Source: Baxter Dmitry
The Supreme Court ruled 5-4 on Thursday that half of Oklahoma should be considered Native American territory, a decision the state previously said will cause “civil, criminal and regulatory turmoil.“
This means virtually the entire eastern half of Oklahoma – home to 1.8 million residents and including Tulsa, where President Donald Trump recently held a campaign rally – would remain Native American territory. That means Native Americans are subject to federal, not state, laws.
The controversial decision was written by Associate Justice Neil Gorsuch and joined by the Supreme Court’s four liberal justices.
The SCOTUS justices were considering the issue for the second time after failing to reach a ruling in a different but related case last year, when Justice Gorsuch was recused and the court likely deadlocked.
USAToday report: The case concerned an appeal from Jimcy McGirt, a Native American, who claimed his state rape conviction from 1997 should be overturned because Oklahoma lacked jurisdiction. Congress, his lawyer Ian Gershengorn said, never properly terminated the reservation.
During oral arguments in May, the justices reached back to 1907 to determine whether Congress, using imprecise language, failed to disestablish the 1866 boundaries of the reservation.
“In reaching our conclusion about what the law demands of us today, we do not pretend to foretell the future and we proceed well aware of the potential for cost and conflict around jurisdictional boundaries, especially ones that have gone unappreciated for so long,” Gorsuch wrote in Thursday’s decision. “But it is unclear why pessimism should rule the day. With the passage of time, Oklahoma and its Tribes have proven they can work successfully together as partners.“
“The federal government promised the (Muscogee Creek Nation) a reservation in perpetuity,” Gorsuch wrote, adding that while Congress has “diminished” the sanctuary over time lawmakers had “never withdrawn the promised reservation.”

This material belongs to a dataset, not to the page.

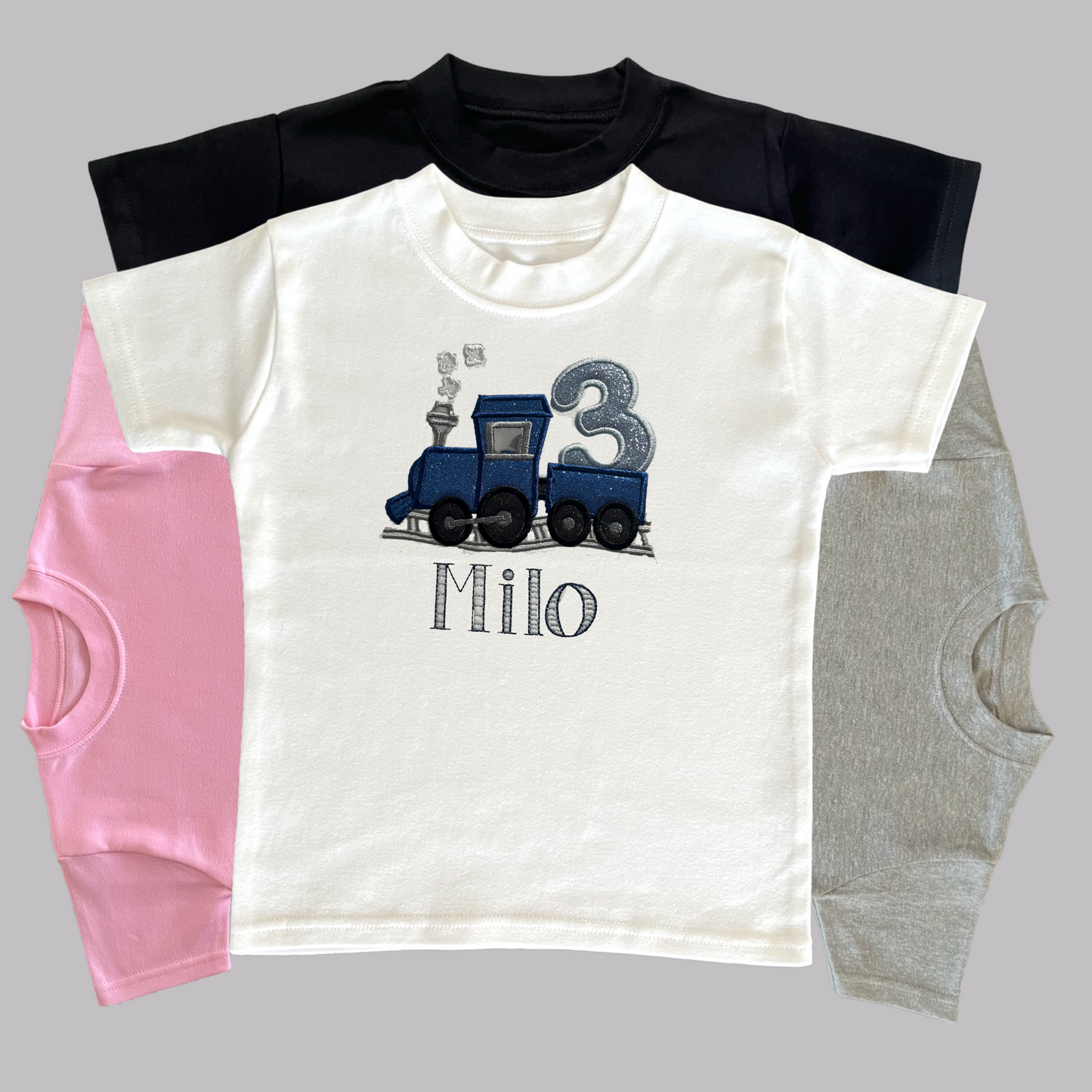 Personalised Embroidered Children's Birthday Top: Train Design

“As a result, many of the arguments before us today follow a sadly familiar pattern. Yes, promises were made, but the price of keeping them has become too great, so now we should just cast a blind eye. We reject that thinking.”
The state’s solicitor general, Mithun Mansinghani, warned that could require the release of more than 1,700 inmates. That didn’t sit well with several justices who feared a chaotic overhaul of long-decided criminal cases.

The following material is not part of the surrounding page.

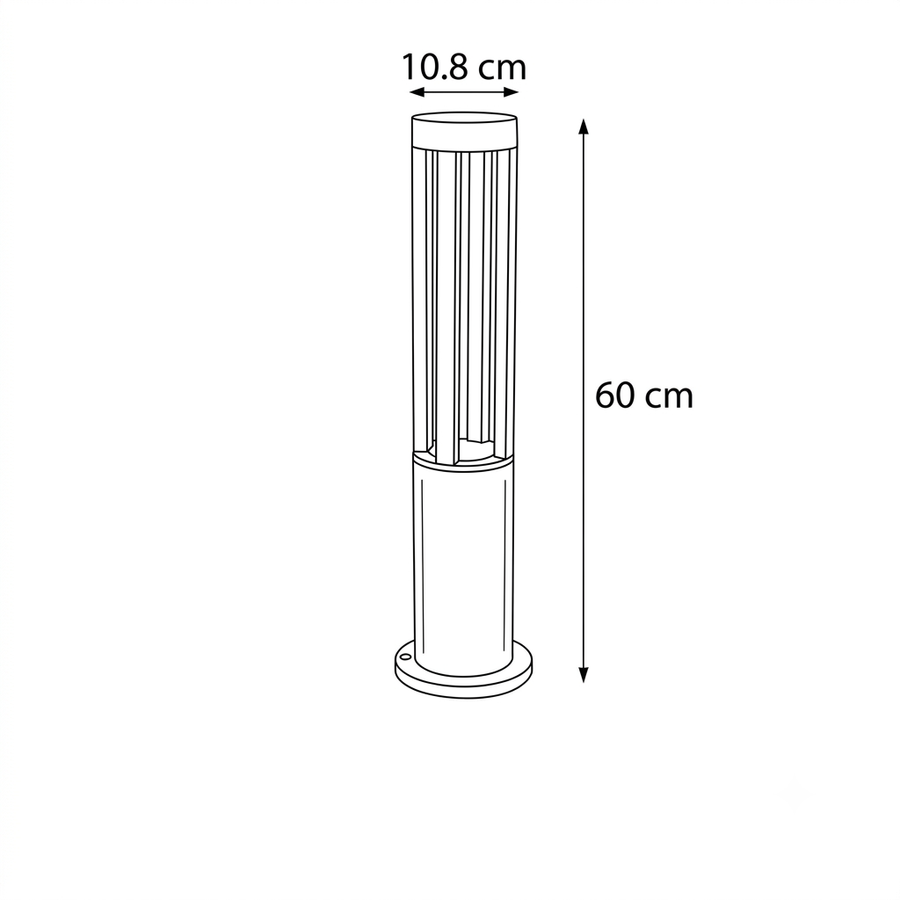 Croquis dimensions : Borne extérieure LED IP65 aluminium (Rond 60 cm)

“What makes this case hard is that there have been hundreds, hundreds of prosecutions, some very heinous offenses of the state law. On your view, they would all become undone,” Associate Justice Ruth Bader Ginsburg told Gershengorn.
“Won’t (residents) be surprised to learn that they are living on a reservation and that they are now subject to laws imposed by a body that is not accountable to them in any way?” Associate Justice Samuel Alito asked.
In the earlier case, the U.S. Court of Appeals for the 10th Circuit ruled the state lacked jurisdiction to prosecute a gruesome murder because it happened within 3 million acres belonging to the Muscogee (Creek) Nation. The ruling threatened more than 19 million acres in eastern Oklahoma once inhabited by five Native American tribes.
Yet many Oklahoma public officials, including Republican Rep. Tom Cole and former Democratic Gov. Brad Henry, urged the justices to rule in favor of the Native American tribes whose sovereignty they said has been good for the state.
“In one area after another – taxation, gaming, motor vehicle registration, law enforcement, and water rights – the Nations’ sovereignty within their reservations and the state’s recognition of that sovereignty have provided the framework for the negotiation of inter-governmental agreements that benefit all Oklahomans,” they said.
The Trump administration took the state’s side, telling the justices that Congress long ago broke up the Creek Nation’s lands, abolished its courts and set a timetable for the tribe’s dissolution.
Last year, 10 states from Maine to Texas to Montana warned that the boundaries of tribal lands have jurisdictional consequences there as well. They said a decision in the tribe’s favor “would be confusing and costly at best, and disastrous at worst,” affecting health and energy policy, environmental regulation, economic development and taxes.